Two dice are thrown n times in succession. What is the probability of obtaining ‘double six’at least once? Find the least number of throws so that the probability of obtaining at least one‘double six’ will be greater than 1/2?

Sure, here is the step by step solution:

Step 1: Understand the problem We are throwing two dice together and we want to find the probability of getting a 'double six' at least once. A 'double six' means that both dice show a six.

Step 2: Calculate the probability of getting a 'double six' in one throw There are 6*6 = 36 possible outcomes when two dice are thrown.
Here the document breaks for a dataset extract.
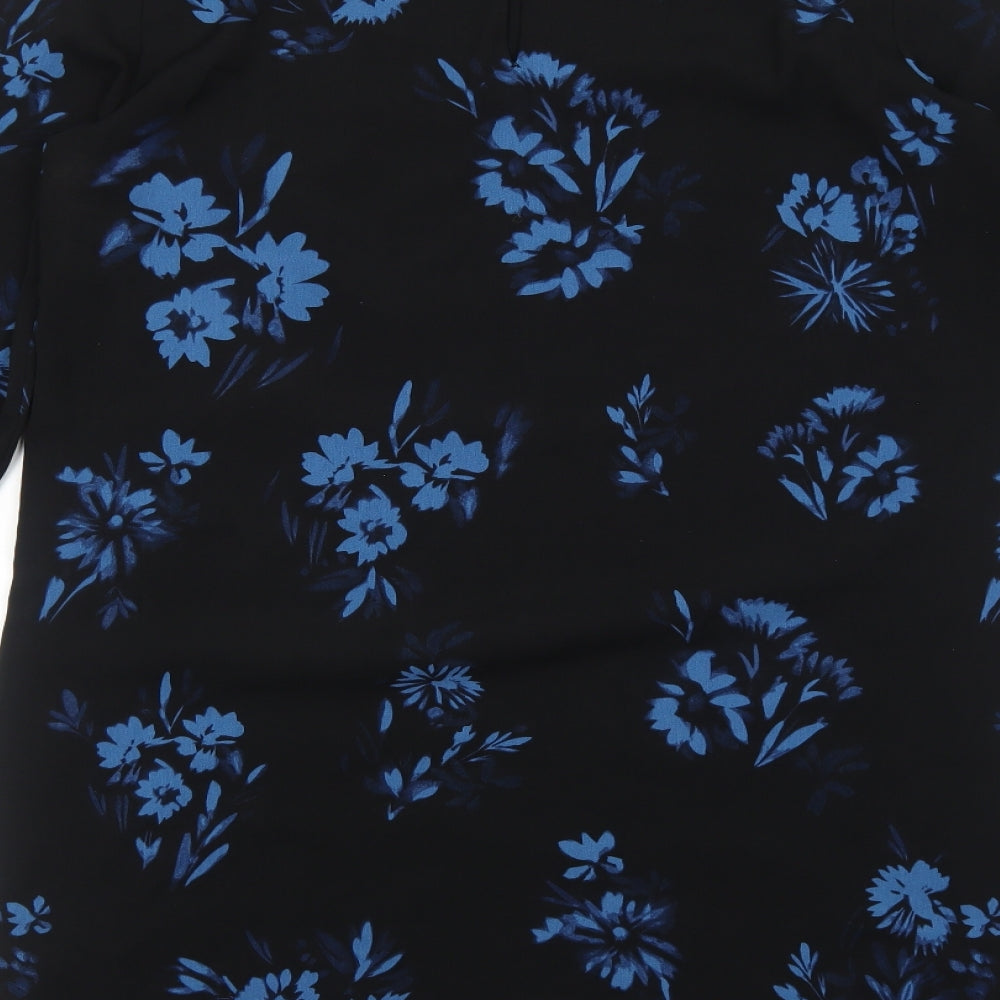 H&M Womens Black Floral Polyester A-Line Size 12 Round Neck Pullover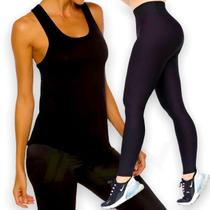 Kit Calça Legging Cós alto + Regata Fitness Academia 175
Only one of these outcomes is a 'double six'. So, the probability of getting a 'double six' in one throw is 1/36.

Step 3: Calculate the probability of not getting a 'double six' in one throw The probability of not getting a 'double six' in one throw is 1 - 1/36 = 35/36.

Step 4: Calculate the probability of not getting a 'double six' in n throws The probability of not getting a 'double six' in n throws is (35/36)^n.

Step 5: Calculate the probability of getting a 'double six' at least once in n throws The probability of getting a 'double six' at least once in n throws is 1 - (35/36)^n.

Step 6: Find the least number of throws so that the probability of getting at least one 'double six' is greater than 1/2 We need to solve the inequality 1 - (35/36)^n > 1/2. Solving this inequality gives n > log(2)/log(36/35) ≈ 24.6. Since n must be an integer, the least number of throws is 25.